Bug #15135 Dependent subquery performs very badly
Submitted: 22 Nov 2005 14:28 Modified: 21 Mar 2009 17:02
Reporter: Dominic Binks Email Updates:
Status: Closed Impact on me:
None 
Category:MySQL Server: Optimizer Severity:S5 (Performance)
Version:4.1.14 OS:Any (NT)
Assigned to: Sergey Petrunya CPU Architecture:Any
Tags: subquery benchmark

[22 Nov 2005 14:28] Dominic Binks
Description:
On a table with about 10000 rows this query gobbles most of the PCs resources:

SELECT iq.* FROM iq
WHERE iq.question_id IN 
(SELECT question_id FROM iq 
 WHERE in_msg_id = 0
 GROUP BY question_id
 HAVING COUNT(question_id) > 1)

I managed to escape out of the query browser after 189 seconds (in my case it return 49 rows).

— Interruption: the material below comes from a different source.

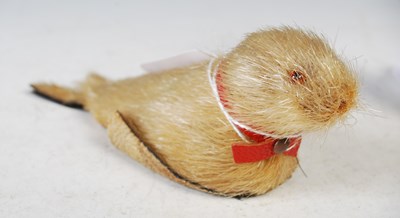 Lot 110 - Two clockwork bird toys and a seal toy.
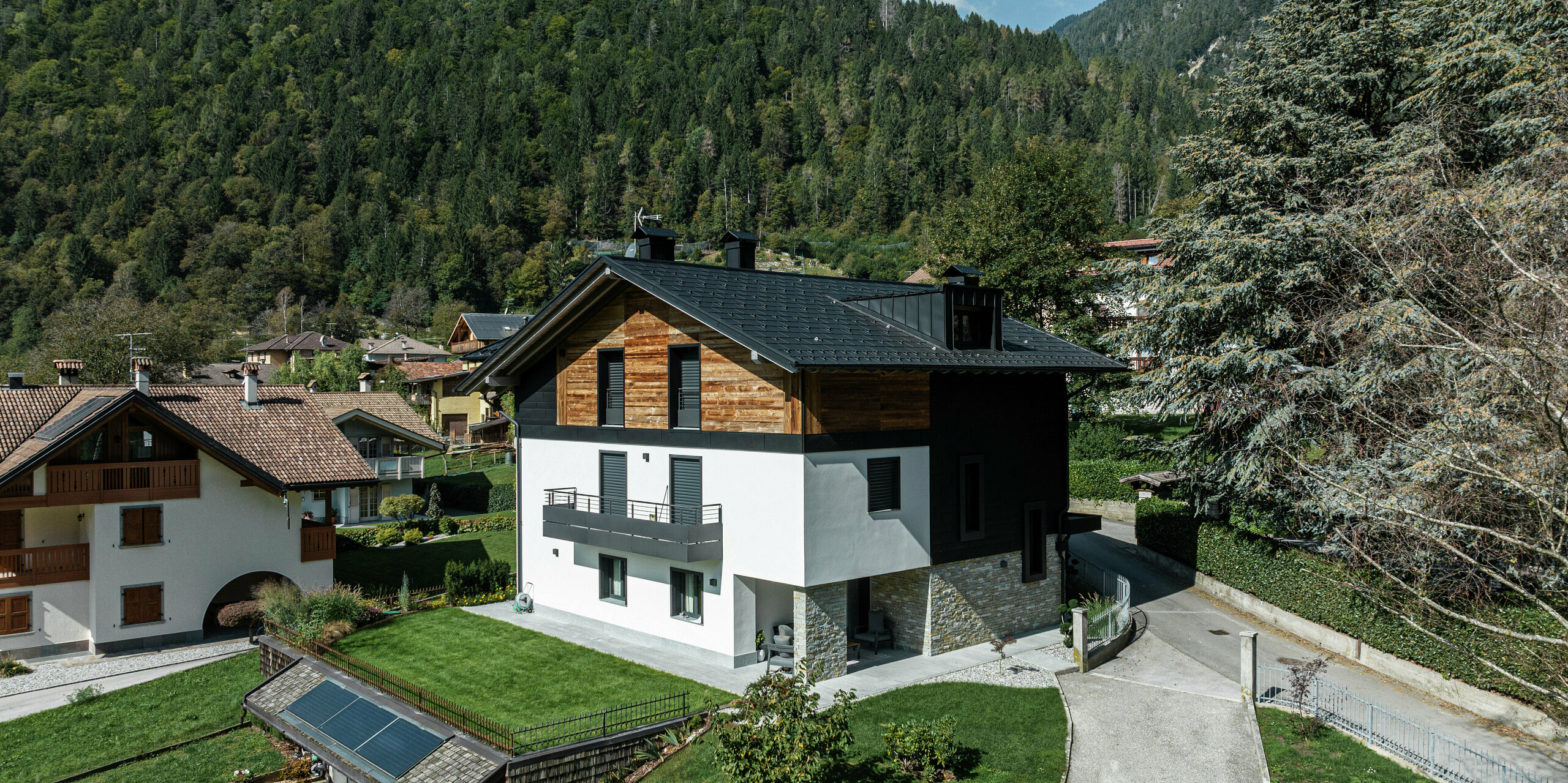 Bâtiment résidentiel moderne à Pelugo, en Italie, après rénovation et réhabilitation écoénergétique. Le toit a été recouvert du R.16 PREFA durable en P.10 anthracite, et la façade a reçu un aspect moderne et durable avec PREFA Siding.X en P.10 anthracite. La combinaison de l'aluminium, du bois et du plâtre crée une architecture harmonieuse et résistante aux intempéries.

This query which looks similar (but is handled differently):

SELECT iq.* FROM
(SELECT question_id FROM iq
 WHERE in_msg_id = 0
 GROUP BY question_id
 HAVING COUNT(question_id) > 1) AS _iq
WHERE iq.question_id = _iq.question_id

Executes in significantly under a second with the machine barely noticing.  There is no index on in_msg_id in either case.

Given the small number of rows in the table, I don't see why the performance of the first is so appalling.

How to repeat:
Create a table with two columns, question_id is indexed (but allows duplicates).  in_msg_id is not indexed, although all legal values are >0.  0 represents an not currently determined value.  (I'm wanting to reset the 0 values to make correct assignments).  Fill with 10000 values.  Obviously there must be some 0 values for in_msg_id.  Then run the two queries.

Suggested fix:
Change the handling of the dependent subquery to build a derived table, as in the other query.
[21 Mar 2009 17:02] Sergey Petrunya
Hi! 

MySQL 6.0 has reworked subquery optimization subsystem, in particular, the provided WHERE .. IN query will be handled by Subquery Materialization which will do roughly the same as what is done for the FROM-clause subquery.  

Based on that, marking the bug as closed in 6.0. 

Feel free to re-open if you don't observe the speedup (please upload a testcase if re-opening).